Avec Nancy Ann, Velma a rappelé la Grande Dépression. Les hommes sans emploi portaient des journaux pliés avec précision; la nuit, ils ouvraient les journaux sur les bancs de la ville et se couchaient pour tenter de se reposer. Les parents de Ruth, qui sont restés sur la ferme du comté de Goochland, se rendaient à Harlem en automne avec un Tin Lizzie rempli de conserves pour les journées froides d'hiver et comportant plus de variétés de pommes que Velma ne pouvait compter. Il y aurait aussi deux énormes jambons de Virginie dans la voiture. «Ils se sont vraiment occupés les uns les autres. Ils se sont aimés », dit Velma.
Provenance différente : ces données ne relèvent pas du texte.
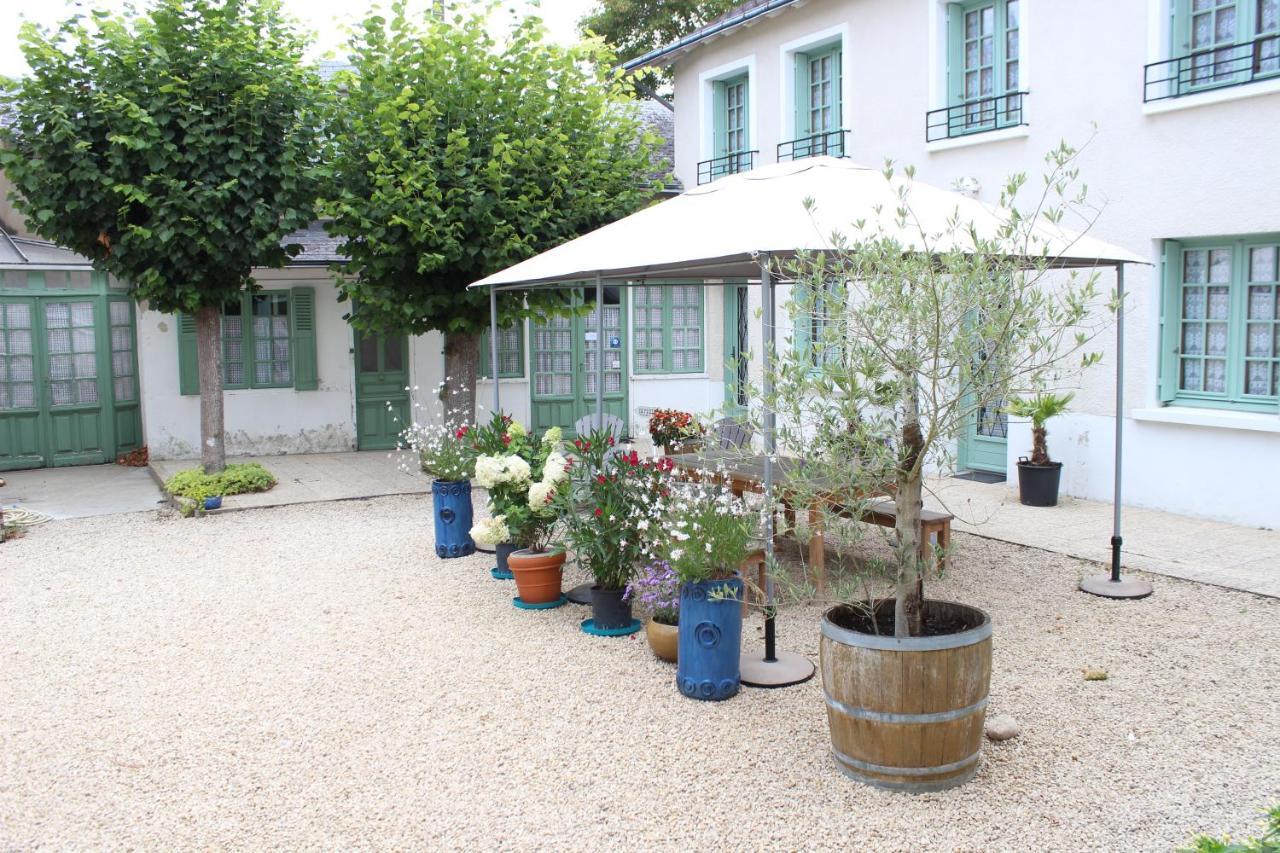 Aparthotel Quelques Fleurs La Roche-Posay Exterior foto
De New York, Velma a pris un train en direction du sud pour rendre visite à ses cousins ​​Ruth et John à Richmond. Ruth est une éducatrice à la retraite et à 91 ans, elle est dans une forme remarquable. La maison de ranch que Ruth partage avec son frère John, un ancien combattant de la guerre de Corée, se trouve du côté est de la ville, dans un quartier accueillant de la classe moyenne. Les enfants font du vélo dans les rues bien aménagées et les voisins se rendent visite.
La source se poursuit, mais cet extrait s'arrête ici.